JONES: The chain of custody really is remarkable. And you talked about a number of different electronic solutions--technology that can help to mitigate some of that risk. One thing that you mentioned was radiofrequency labeling, electronic labeling, another might be digital witnessing. Can you talk about that at all?
KATZ: Absolutely! I think organization of data in the REI practice and the IVF lab has never been more important and on the simplest level, it's because the organization of data allows you really to specifically choose the best embryo for transfer or later come back and look at the data and try to develop a better treatment plan if the first cycle failed. So organization the data is really important. It's much harder to organize data on paper or paper charts, then it would be an electronic medical records. So electronic medical records, not only organizes the data better, but it plays a tremendous role in multiple check mechanisms that offer patient protection. For instance, if the physician or nurse orders a laboratory test, the electronic medical record has a double check mechanism to make sure that result is put in the patient's electronic chart and that the value is normal. The patient has been contacted. The test has been signed off on. It's really important. The second part of many parts of the EMR protection is also digital witnessing because there needs to be some chain of custody if I can use that term again or digital witnessing. Yes, it's important for witnessing to occur in very important areas of REI medicine. But, that witnessing also has to be documented and the EMR can play a very strong role in that documentation that the transfer between plates, or tubes, or catheters has been cracked. So, long-winded answer, I think the EMR plays a really strong role in the protection of the practice of medicine, well beyond just the electronic attainment of patient information.

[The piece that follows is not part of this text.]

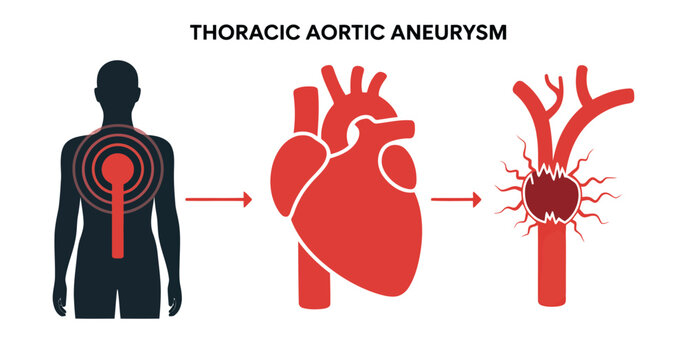 Thoracic aortic aneurysm illustration progression and anatomical representation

JONES: Where does biometrics play into all of this? I know that something that eIVF has been talking a lot about, I wanted to have Jawid on the show as well. But I figured I could at least ask you a little bit about biometrics. It’s something that Jawid’s been talking about a lot, and being extremely integral to the safety of the lab. How is biometrics implemented for mitigating risk in the lab?
KATZ: Well, I think Jawid would be better to explain his view on biometrics, but a view from 30,000 feet is really--any correlative data that we can promote in the IVF lab to stay on top of where the gametes, where the embryos are in terms of development of the cycle, is monumentally important. And so I've always supported eIVF in their biometrics platform. I think any modern technology of data surveillance or data collection and organization is really good for the IVF lab. Years ago, there used to be a logbook and lab directors would scribble names or identifiers or birth dates in a log book and that was all we had. Maybe there was an Excel spreadsheet, but now the world has really changed. The safety of the storage of cryopreservation of gametes and embryos and the identification of those gametes and embryos is light years advanced to where it was 20 years ago.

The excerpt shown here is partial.